Mantan Kepala Staf Angkatan Laut (KSAL) Laksamana TNI (Purn) Prof. Dr. Marsetio yang kini menjabat sebagai Guru Besar Universitas Pertahanan (Unhan) membagikan pandangannya agar Indonesia kuat di zona maritim Indo Pasifik. Buah pemikiran Marsetio itu terejawantahkan dalam 193 halaman buku berjudul Sea Power Indonesia di Era Indo Pasifik.
Buku terbitan Unhan RI Press (2024) dan disunting Dr Bambang Nurakhim itu diluncurkan di Wisma Elang Laut pada Selasa, 6 Agustus 2024. Buku ini sendiri ditulis berangkat dari sejumlah isu krusial geopolitik, salah satunya yakni isu Kawasan Indo Pasifik. Kawasan ini merupakan kawasan geografis penting dan bernilai strategis dalam peta geopolitik maupun geostrategi.
Buku ini memaparkan perkembangan geomaritim dan geopolitik di kawasan Indo Pasifik. Menurut Marsetio, dinamika ini perlu dikelola dengan sea power, karena kawasan ini merupakan jantung perekonomian dunia
Dijelaskan bahwa transformasi dari sebutan ‘Asia Pasifik’ menjadi ‘Indo Pasifik’ mencerminkan perubahan lanskap strategis global, sekaligus mengokohkan arti penting Indonesia di tengah percaturan global dan sekaligus sebagai penghubung Samudra dan Samudra Hindia.

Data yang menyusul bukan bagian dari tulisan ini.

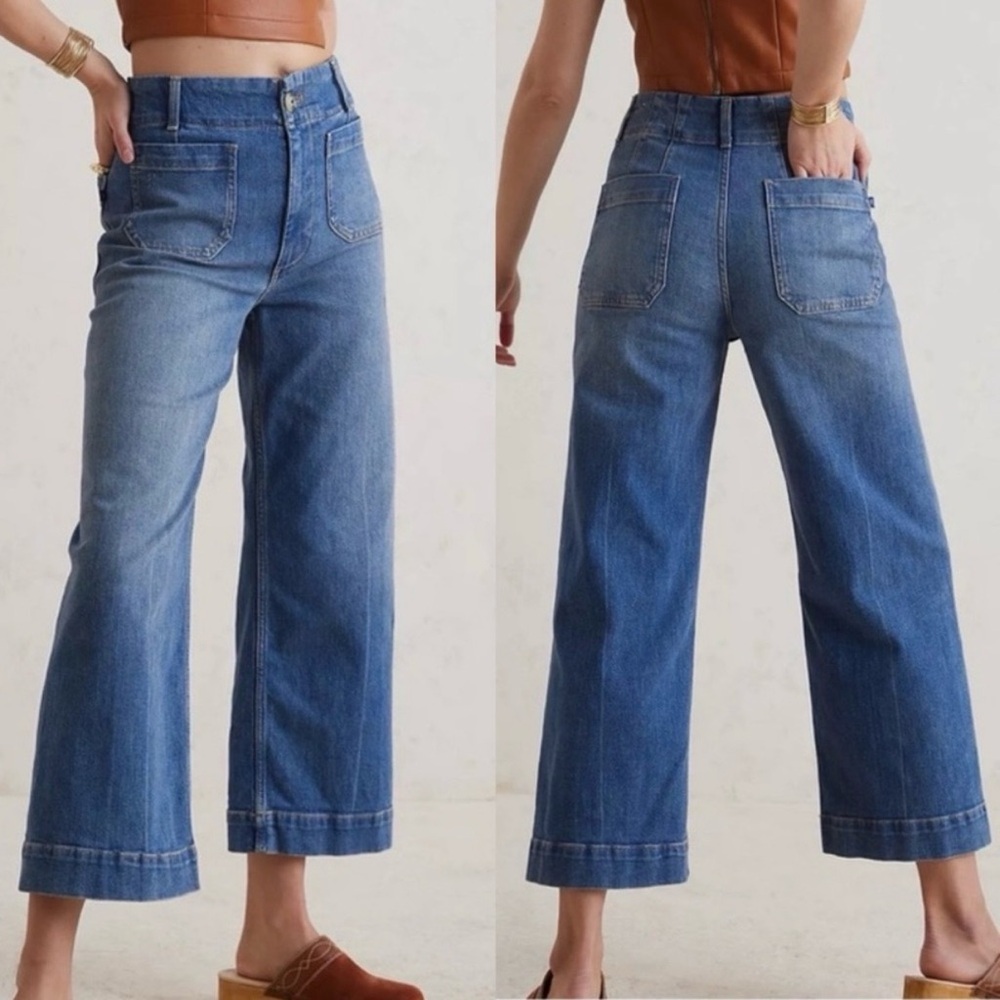 Anthropologie Pilcro The Skipper Crop High-Rise Wide-Leg Jeans - Sz 27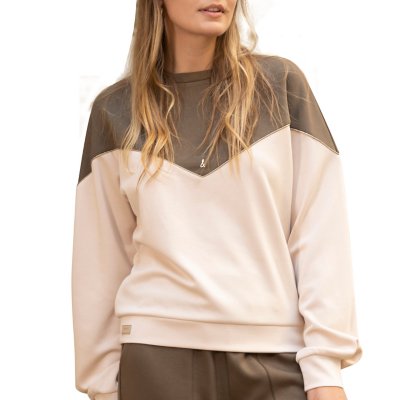 Sweatshirt femme Lola Crème Multicolore UN9025  HAPPY&SO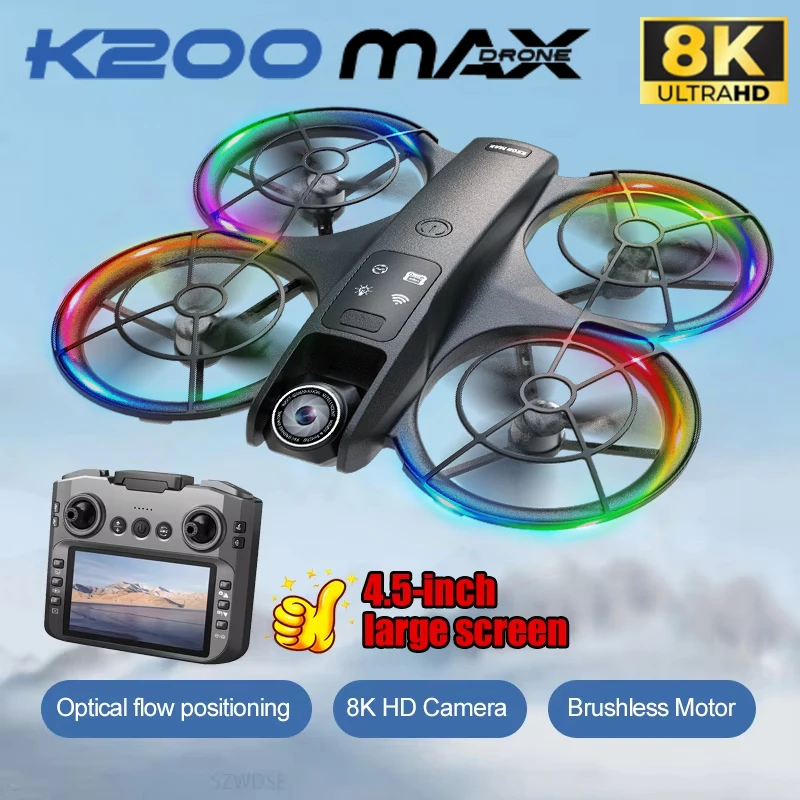 

Новинка 2025 года, K200Mini MAX Drone, профессиональный 4K HD, двойной экран камеры, оптический поток, дрон, игрушки, бесщеточный квадрокоптер, игрушечный дрон, подарок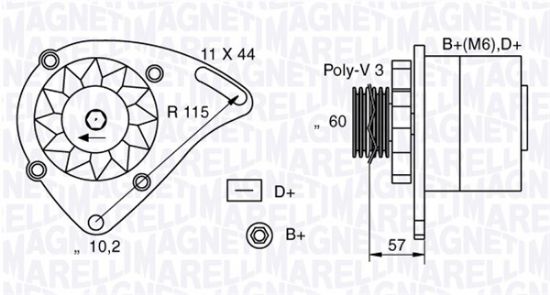 Obrázok Alternátor MAGNETI MARELLI  063321173010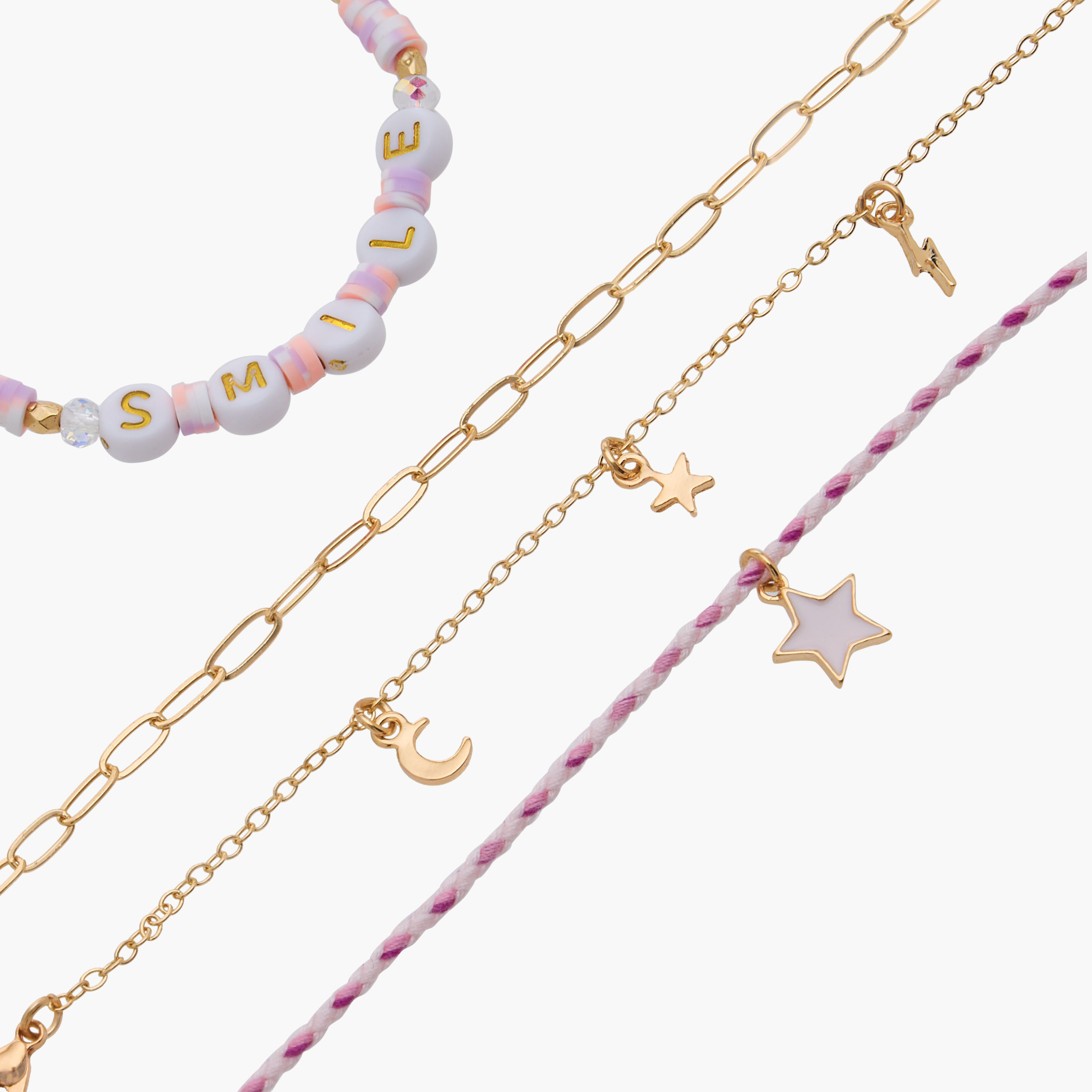 Pack of 4 Charmz Bracelet with Charm Detail-girls-accessories-jewellery-image-10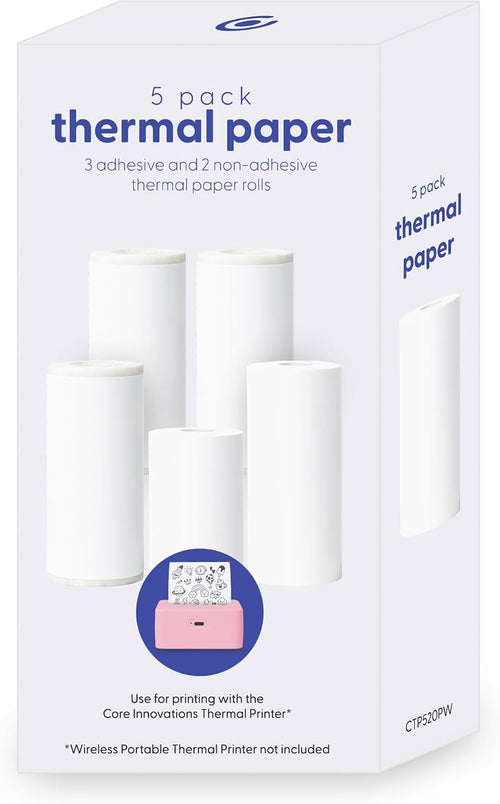 Mini Thermal Printer Paper – 5 Rolls (3 Self-Adhesive Sticker + 2 Thermal Paper Rolls, 57Mm / 2.18 for Portable Wireless Printer, Labels, Photos, Crafts, Bpa-Free Inkless Paper, White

Dinamika geopolitik kawasan yang dinamis di Indo Pasifik, dihadapkan dengan posisi Indonesia sebagai pivot maritim, mengharuskan Indonesia menjalankan peran diplomasi secara elegan dengan sea power. Sea power secara umum diartikan sebagai negara dengan kekuatan laut yang memadai dan proporsional. Sea power juga bermakna kemampuan suatu negara dalam menggunakan dan mengendalikan laut (sea control).

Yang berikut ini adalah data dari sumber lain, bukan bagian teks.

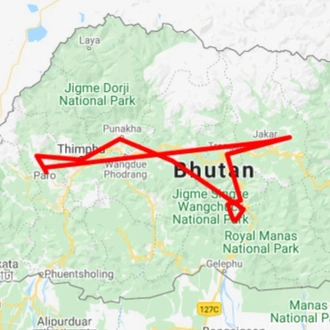 tourhub | Bhutan Acorn Tours & Travel | A Cultural Journey With Nature Trek in Central Bhutan | Tour Map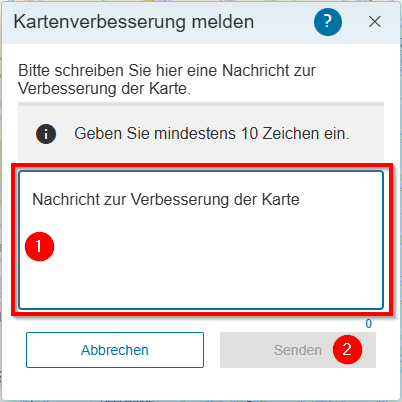 Hilfe - Kartenverbesserung melden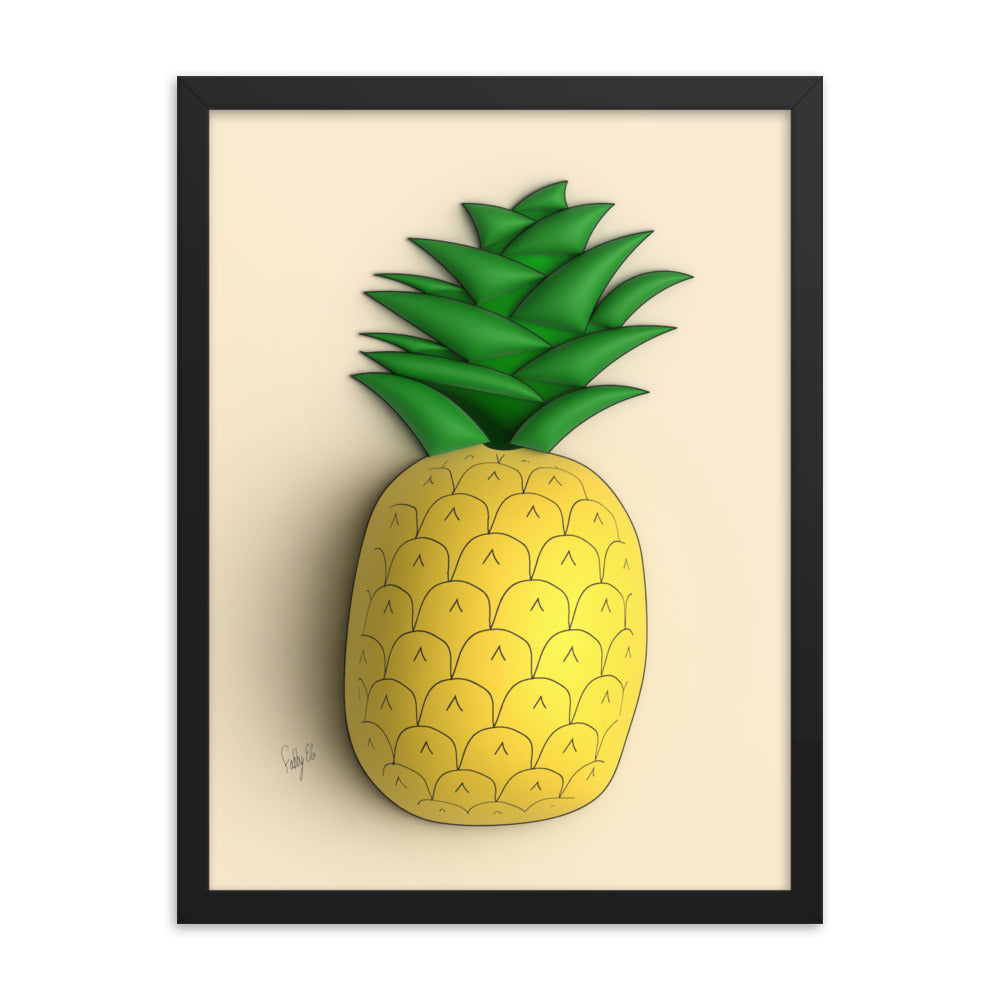 Pineapple 3D framed poster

Dinamika tersebut di antaranya yang terjadi di Laut China Selatan (LCS), China mengubah sembilan garis putus-putus menjadi sepuluh, AS mendapat empat akses baru dari total sembilan pangkalan militer di Filipina, salah satunya sangat dengan dengan Taiwan, yang membuat konflik laten di LCS kian terus membara.
Prof Marsetio melihat kondisi ini menarik dicermati dengan seiringnya taktik dan strategi negara-negara yang berubah dalam penguasaan wilayah konflik. Apalagi China, tulisnya, telah melakukan strategi reklamasi besar-besaran. Bahkan mengubah peran angkatan lautnya.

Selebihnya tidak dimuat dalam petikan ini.